Since the introduction of the euro, southern European nations have seen unemployment — especially youth unemployment — soar to chronically unacceptable levels. In the United States, liberalized trade with China has slashed economic growth, left Rust Belt communities devastated by factory closures and helped create an army of indolent men — 7 million between 25 and 54 who show no interest in gainful employment.
On both continents, poorly controlled immigration and terrorism have fed off each other, and many voters have concluded what elites simply won’t admit. The West can’t spread free markets and democratic values everywhere, and the failure to recognize the limits of this policy have devastating consequences.
In the Middle East, religious radicalism makes western blind tolerance of alien cultures downright threatening to the safety of ordinary citizens walking the streets or attending public events from Brussels to San Bernardino. It threatens to dilute national cultures and makes social cohesion so necessary for tolerant civic interactions much less possible.
In China, a juggernaut has emerged that simply has no intention of conforming to the free-market norms of the global trading system or western democracy. It rigs its currency, subsidizes exports and compels foreign investors to give away their technology. As importantly, it is perfecting new means to monitor and control its citizens’ behavior. It uses its newfound wealth to remilitarize the Pacific and threatens its neighbors and, as importantly, it offers its model of autocratic state-directed capitalism as an alternative to what it sees as America’s decadent democratic economic and social order.
President Obama’s idealistic policies have enabled China’s more aggressive actions. For example, his failure to adequately counter its mercantilist trade and investment policies, his passive posture as Beijing imposed economic pressure on Taiwan for electing a government committed to continued democracy and built military installations in the South China Sea, and his scolding of Philippines leaders on vexing internal security challenges as they and leaders of Malaysia pivoted toward Beijing.
Seen in this context, Donald Trump’s continued insistence on the primacy of enforcing our borders and aggressively screening those who settle in America, renegotiating trade agreements to ensure they benefit the American economy and not some ethereal notion of global communalism, and his recent conversations with Taiwan’s President Tsai and Philippines President Rodrigo Duterte are not the compulsive machinations of a man without a governing ideology. Rather, those are merely a practical recognition that the principles undergirding American foreign policy in recent decades no longer serve us well.

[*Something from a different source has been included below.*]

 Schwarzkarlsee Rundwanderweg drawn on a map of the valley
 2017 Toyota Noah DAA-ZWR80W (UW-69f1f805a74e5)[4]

America can’t simply persuade China to be democratic or respect western norms in international commerce. The best course for U.S. policy is to take strong assertive steps against actions that adversely affect American economic and security interests and those of its allies.
America can’t compel Middle Eastern societies to be more tolerant of the West or effectively coax Mexico to clean up the corruption that drives so many of its citizens to migrate north illegally. However, Washington can screen aggressively who is allowed to enter America from places hostile to our values and better enforce our southern border.
The foreign policy establishments of the Democratic and Republican parties Mr. Trump defeated in the primaries and general election may be aghast at his attitude and actions. His governing doctrine is not that of a great thinker but profoundly similar to other great men in our history.
America has to deal with the world as it finds it, not as philosophers think it should be.
Peter Morici is an economist and business professor at the University of Maryland, and a national columnist.